Tanto es así que una parte relevante del órgano de decisión de la autoridad monetaria ya apostaba por elevar los tipos en la pasada reunión, aunque finalmente se les convenció de esperar un poco más.
"Las perspectivas parecen indicar que es necesario recalibrar la política monetaria para contrarrestar los riesgos de tensiones inflacionarias persistentes", reconoce Fabio Panetta, gobernador del Banco de Italia y uno de los miembros más representativos del ala más cauta del BCE, también conocidos como palomas.

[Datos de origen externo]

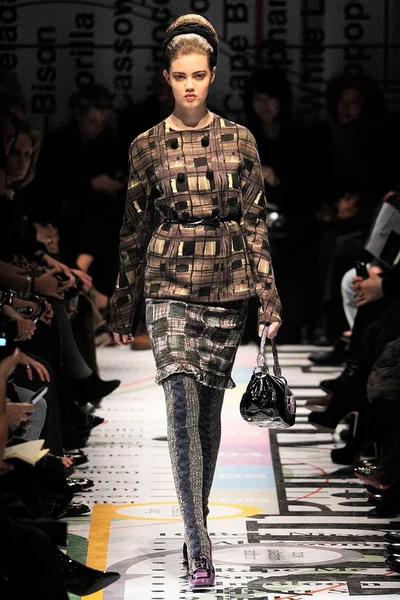 Look 7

En la misma línea se pronuncia Yannis Stournaras, gobernador del Banco de Grecia y también adscrito a este grupo de palomas monetarias, que indica: "Por la credibilidad del BCE y de la función de cómo reaccionamos ante los cambios en la inflación, es probable que subamos los tipos de interés en junio".
El BCE quiere evitar llegar tarde, como entiende que ocurrió en el último episodio inflacionario hace ya cinco años. Por ese motivo, y a falta de avances relevantes en las negociaciones de paz en la región, actuará ahora aunque la preocupación no está tanto en los datos actuales, como en la posibilidad de que los precios se descontrolen en el medio plazo.
"El riesgo de que las expectativas de inflación se desanclen [al alza respecto al objetivo del 2% del BCE] está aumentando", indica Isabel Schnabel, miembro del Comité Ejecutivo del BCE y considerada máxima representante del ala dura de la institución monetaria, los llamados halcones.
Dudas sobre la segunda alza
Pero más allá de que la subida de los tipos de interés de esta semana esté prácticamente grabada en piedra, todos los focos estarán pendientes de las señales que pueda mandar Lagarde en su rueda de prensa respecto a futuros movimientos. Porque aunque todavía no existe consenso sobre las decisiones a tomar en las próximas reuniones, es extraordinariamente raro que la autoridad monetaria realice una subida de los tipos de interés que no vaya acompañada de nuevos ajustes.
"Después del primer movimiento, tendremos que recopilar más datos y no vernos forzados por la necesidad de actuar de nuevo inmediatamente. Creo que es más probable que veamos una segunda subida de tipos que no, pero no estoy en posición de decir si será en julio, en septiembre o en octubre", indicó Gediminas Simkus, presidente del Banco de Lituania, en una entrevista reciente.
Solo en 2011, en el famoso momento Trichet, se ejecutó una subida de tipos que rápidamente se revirtió con la llegada de Mario Draghi a la presidencia. En ese momento, aquella alza se consideró un error monetario que los miembros del Consejo de Gobierno están convencidos de que no están repitiendo en la actualidad, aunque algunos analistas, como los de Bank of America, han dado la voz de alarma.